Friday, August 31, 2007

An OCR Sccess Story: tesseract, gscan2pdf, and unpaper.

Wherein I opine that OCR is ready for prime time on GNU/Linux.

For some years I've been carrying around a manila file of a printout of a digital file for a project of mine from the early 90s, a list of observed seasonal events over a two or three year period on Tol Island, in Chuuk Lagoon, E. Caroline Islands. It seemed to be the litmus test of OCR. I didn't believe it would ever be possible to scan and reduce it back to characters. It was printed on an old HP Portable Deskjet printer.

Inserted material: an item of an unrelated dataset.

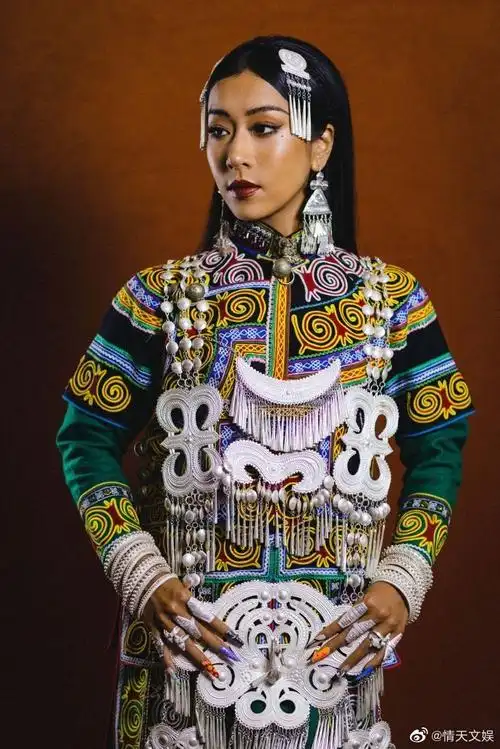 吉克隽逸彝族证件照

At the time I was using a Toshiba Satellite laptop. A friend had given me two 10 Watt solar panels, really ancient ones. I had scrounged a 100 AHr deep cycle battery from the local Air Force Civic Action Team (CAT Team) when they had to maintain their batteries on their heavy equipment. Every three weeks or so I would carry the battery into town, and the CAT team would charge it. In between, I had the 10 Watt panel to trickle charge the beast. It kept my computer working for about three weeks! Not bad. And I had built an adaptor for my Zeiss microscope, to run it from 12VDC, with a rheostat dimmer, so it was just as good as power mains. So there was a bit of load on the old Deep Cycle battery after all: I spent many hours a day either on the computer, or with the microscope. (The Stereomicroscope that I'd gotten from Jerry Bakus at USC was illuminated by a kerosene pressure lantern).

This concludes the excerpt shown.